• **EXERCISE REQUIREMENTS**
From the listing that follows, reproduce only the lines from the one holding "Wyjątkowy kwartet smyczkowy Moon Quartet" through the one holding "2025 Volkswagen Jetta SE photo 3", both included, with no pictures.

== RECORDED DATA ==

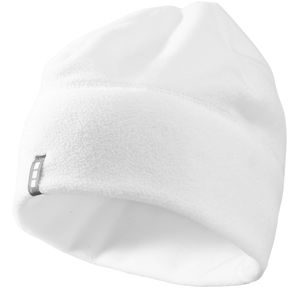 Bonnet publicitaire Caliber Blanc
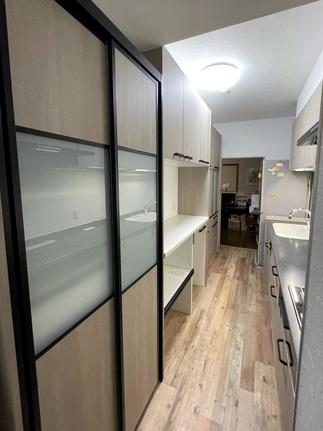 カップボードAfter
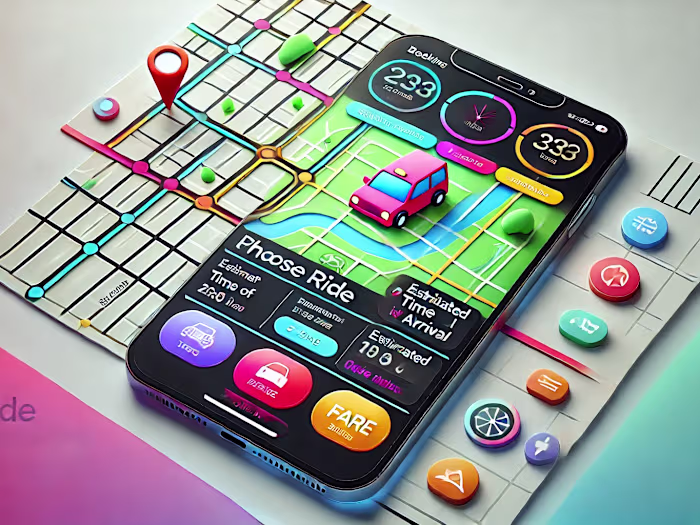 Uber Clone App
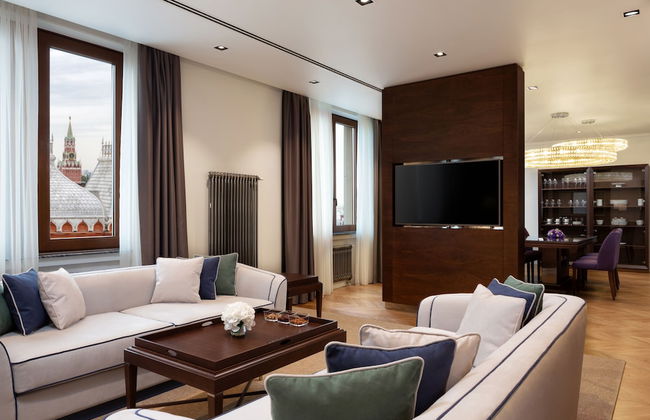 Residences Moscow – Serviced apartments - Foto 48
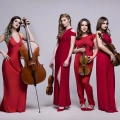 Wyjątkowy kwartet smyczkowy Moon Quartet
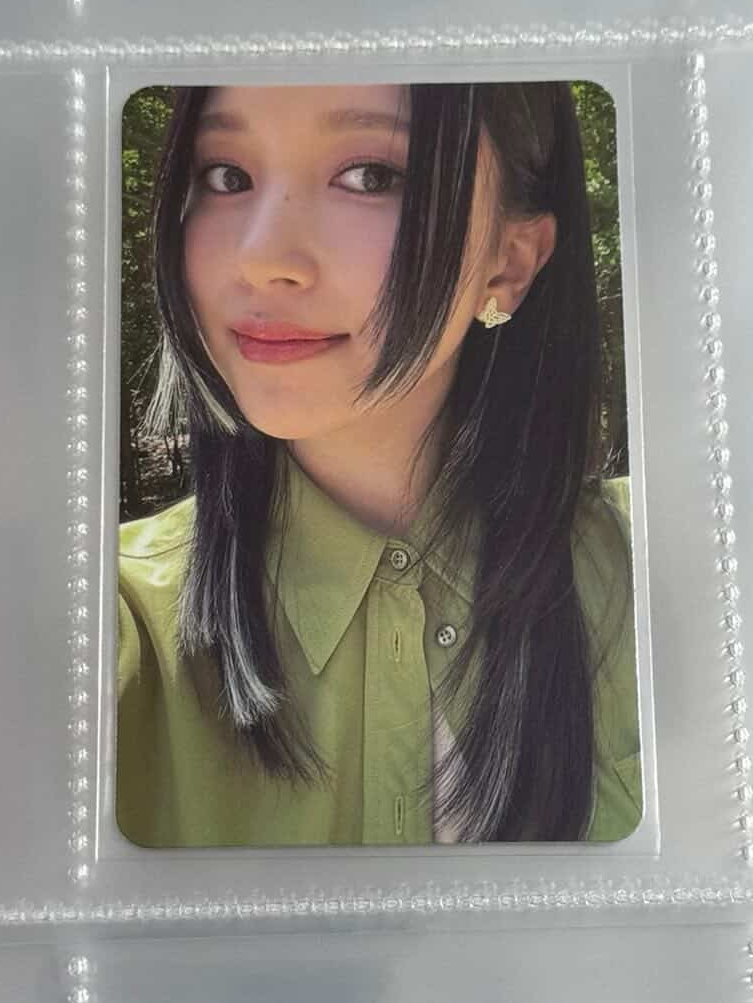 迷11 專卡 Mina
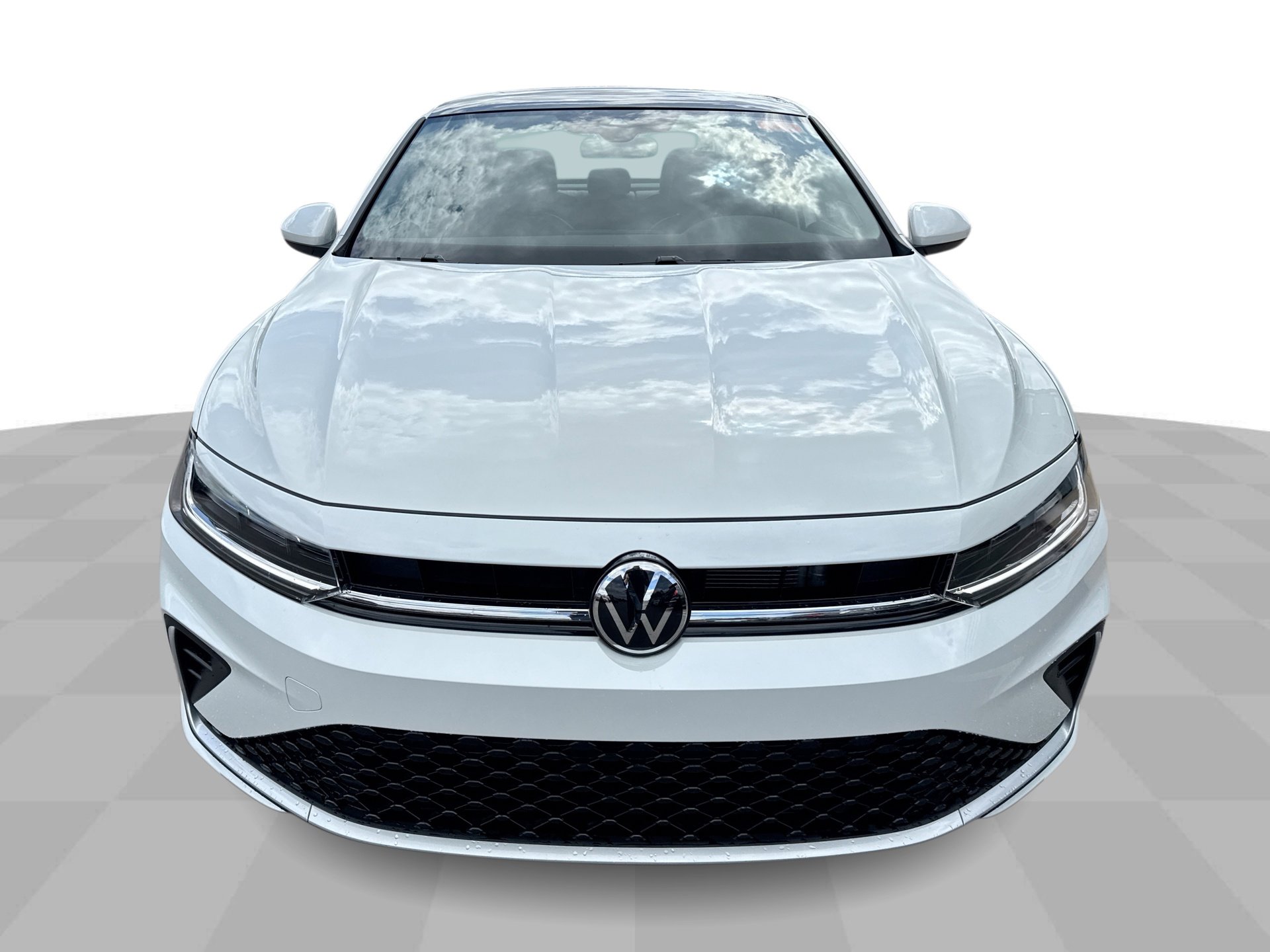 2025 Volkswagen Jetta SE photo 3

===
== RECORDED DATA ==

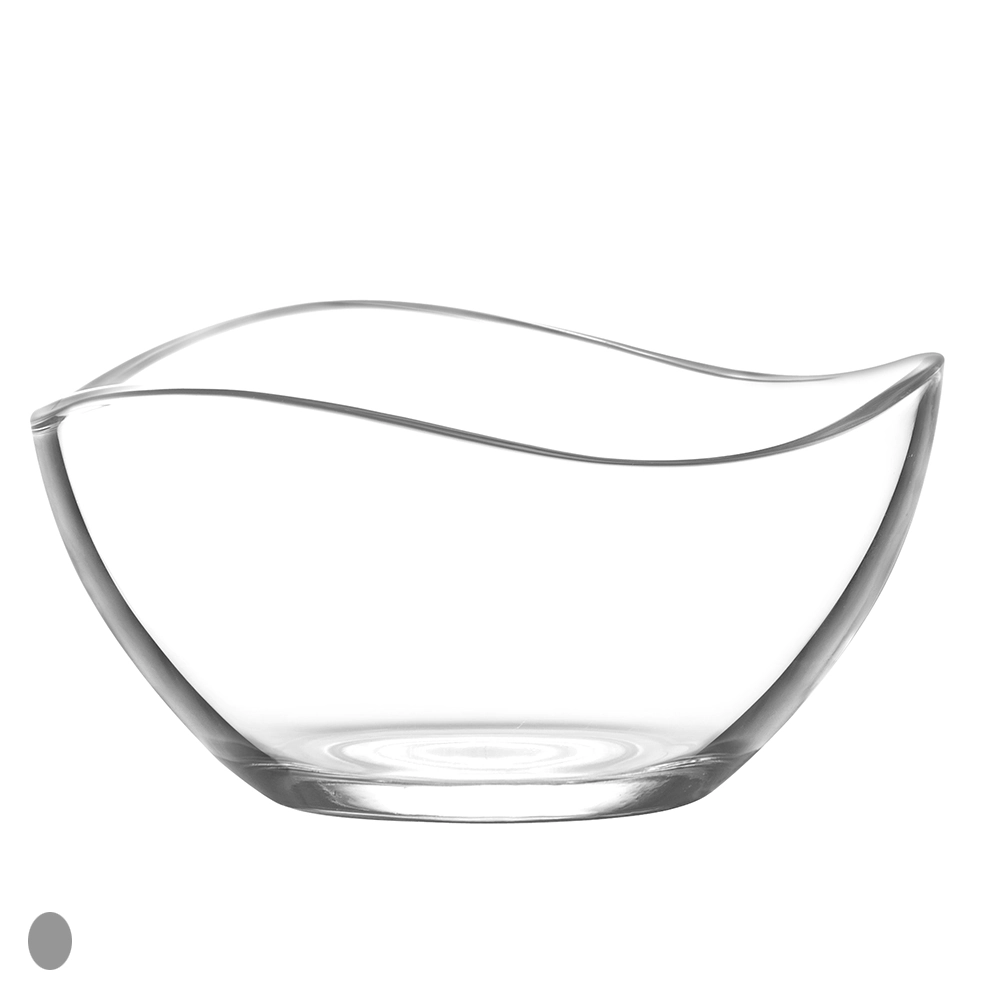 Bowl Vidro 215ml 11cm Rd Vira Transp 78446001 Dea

===
== RECORDED DATA ==

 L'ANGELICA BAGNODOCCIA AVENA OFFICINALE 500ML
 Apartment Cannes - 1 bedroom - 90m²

===

• **SOLUTION**
 Wyjątkowy kwartet smyczkowy Moon Quartet
 迷11 專卡 Mina
 2025 Volkswagen Jetta SE photo 3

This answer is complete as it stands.